--- RECORD SET Enclosed Below ---
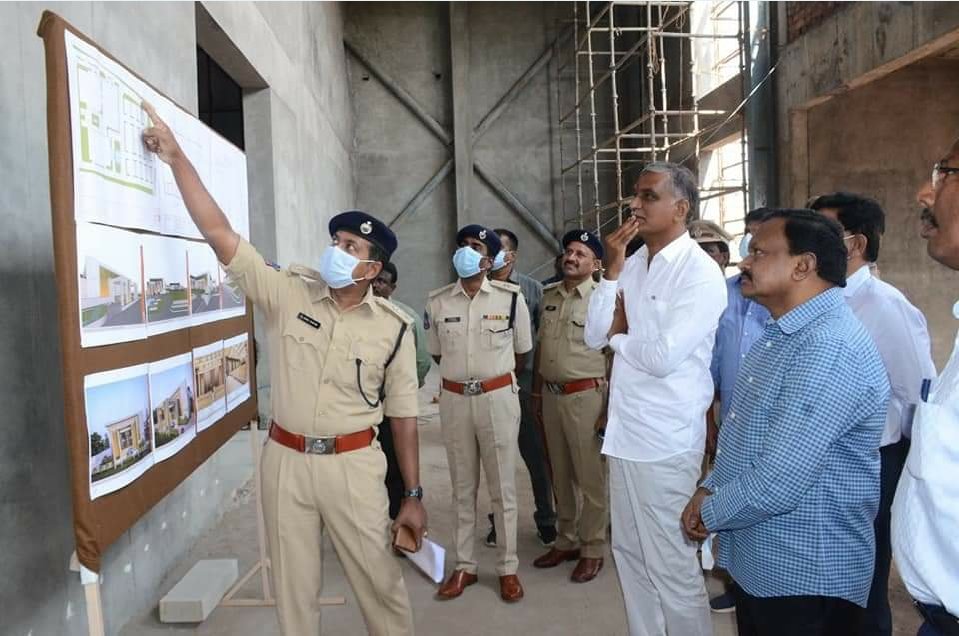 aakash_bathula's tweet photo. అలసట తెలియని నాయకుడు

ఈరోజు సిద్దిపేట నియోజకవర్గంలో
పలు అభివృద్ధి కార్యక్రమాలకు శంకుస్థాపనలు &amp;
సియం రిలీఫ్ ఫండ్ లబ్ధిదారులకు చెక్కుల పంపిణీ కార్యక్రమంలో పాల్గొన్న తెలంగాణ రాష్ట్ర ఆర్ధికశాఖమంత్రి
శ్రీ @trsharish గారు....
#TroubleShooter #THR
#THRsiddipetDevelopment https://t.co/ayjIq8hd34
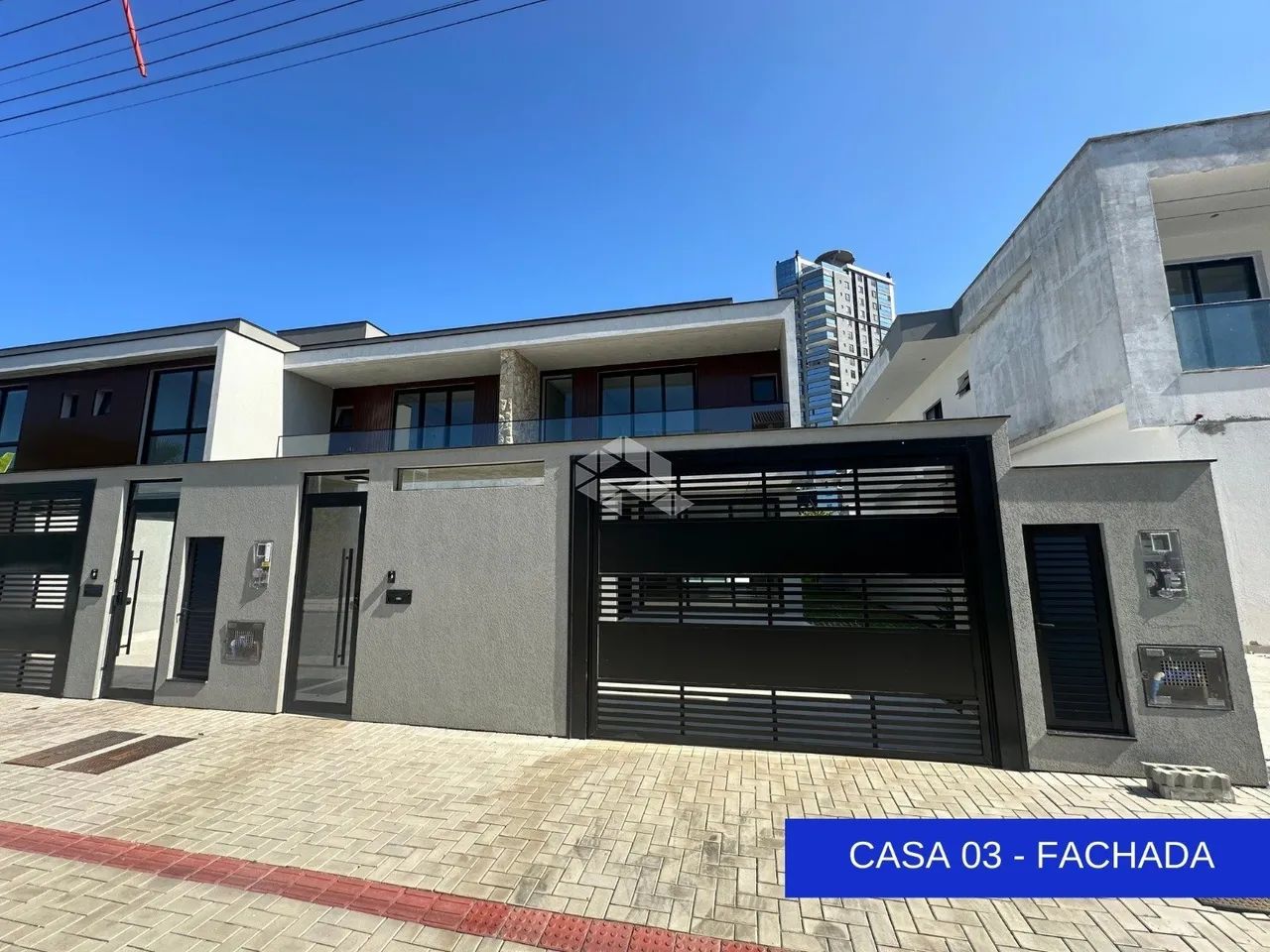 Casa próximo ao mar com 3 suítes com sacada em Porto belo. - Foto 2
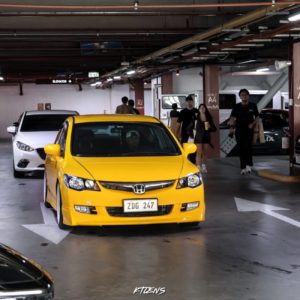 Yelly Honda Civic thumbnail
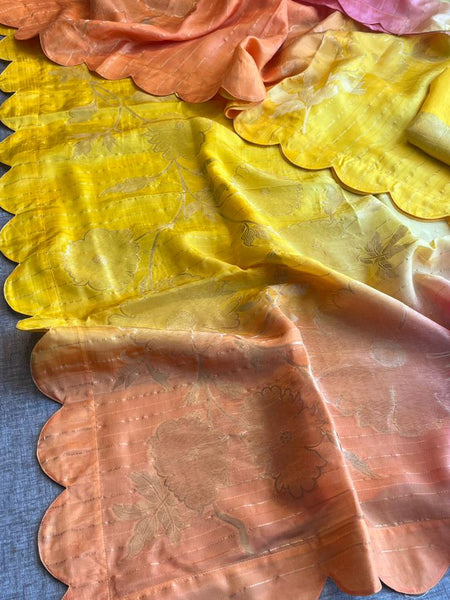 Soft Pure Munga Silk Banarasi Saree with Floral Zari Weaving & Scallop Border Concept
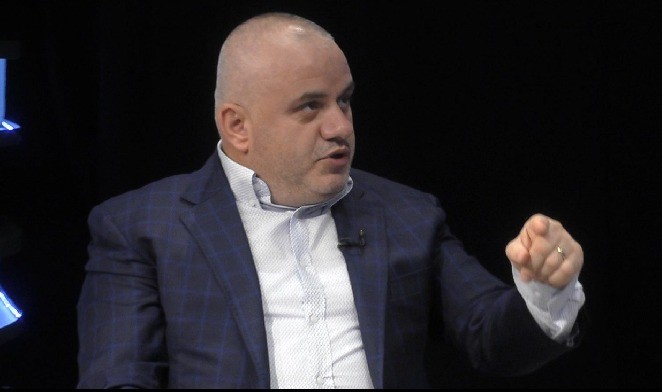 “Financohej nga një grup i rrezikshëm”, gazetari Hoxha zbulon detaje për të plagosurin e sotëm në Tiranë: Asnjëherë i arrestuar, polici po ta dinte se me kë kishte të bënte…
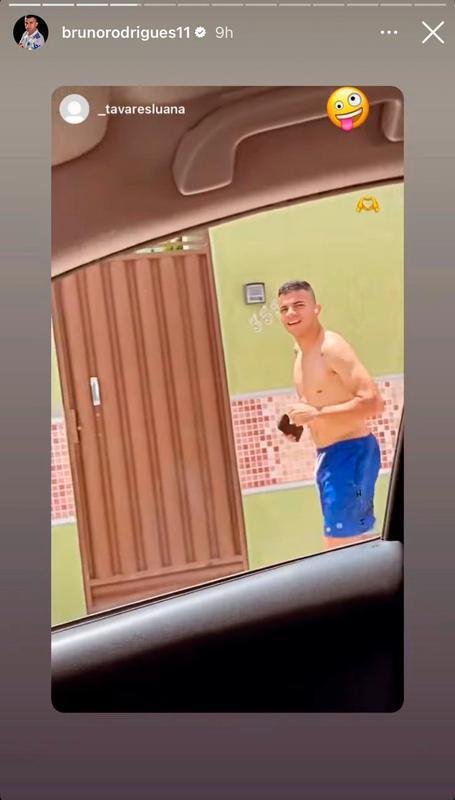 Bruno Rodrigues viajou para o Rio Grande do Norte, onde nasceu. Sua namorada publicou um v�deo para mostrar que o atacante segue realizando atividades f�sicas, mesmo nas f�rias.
--- End of Enclosed RECORD SET ---
:: WORK ORDER ::
Taking the entries above, copy word for word the lines from the one with "శ్రీ @trsharish గారు...." up to and including the one with "Soft Pure Munga", without any picture.

:: TASK ANSWER ::
శ్రీ @trsharish గారు....
#TroubleShooter #THR
#THRsiddipetDevelopment https://t.co/ayjIq8hd34
 Casa próximo ao mar com 3 suítes com sacada em Porto belo. - Foto 2
 Yelly Honda Civic thumbnail
 Soft Pure Munga Silk Banarasi Saree with Floral Zari Weaving & Scallop Border Concept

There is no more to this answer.